- Create a research file for each location. For my upcoming cruise I already know where we are going day by day. So I start a file for each location and start compiling information. At the least I'll get the Wikipedia entry for every site as background.
- Dig up photos. Just knowing what the place looks like is invaluable, so I'll hit several of the Internet photo sites like Flickr or the major stock photo sites like Corbis or Getty. Besides clueing me in to the photographic possibilities, this research can also show me what angles have already become clichés to be avoided. And I'll find angles I didn't expect from locations I hadn't imagined. Armed with these I'll be better prepared to push the expected.
- Ransack guidebooks and photo books. Guidebooks tend to show the standard scenes but they are comprehensive. Photo books show what a devoted photographer can make of a place. Both of these help me expand my expectations.

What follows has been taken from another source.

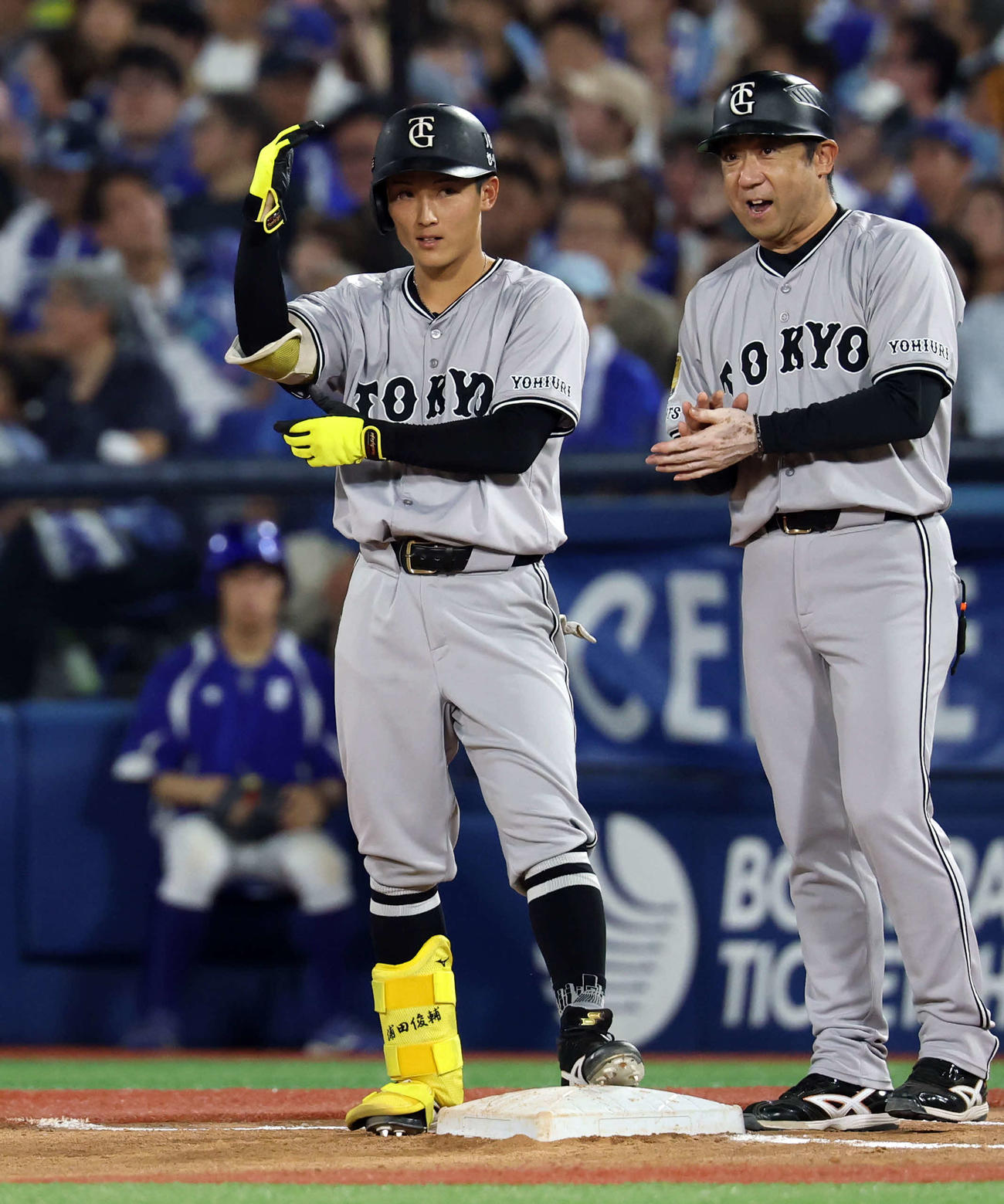 DeNA対巨人　2回表巨人1死二、三塁、浦田は勝ち越し2点適時打を放つ（撮影・浅見桂子）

- Research your destination to death. Turn to online search engines to seek out-of-the-ordinary shots of your destinations. Once, when preparing for a trip to Ireland, I searched the term "Celtic priest" and the results turned up Dara Malloy on Inishmore. Dara performs Celtic weddings in a 900-year-old church. A quick phone call to Dara revealed he had a couple coming from Tokyo to be married, which resulted in a photo in National Geographicmagazine.
- Look for places and events that are seasonal and timeless. Open your mind to what might be a picture subject. Most travelers tend to think only of places, without delving deeper into culture, history, and meaning. I try to get in time with the rhythm of the place and in tune with its melody.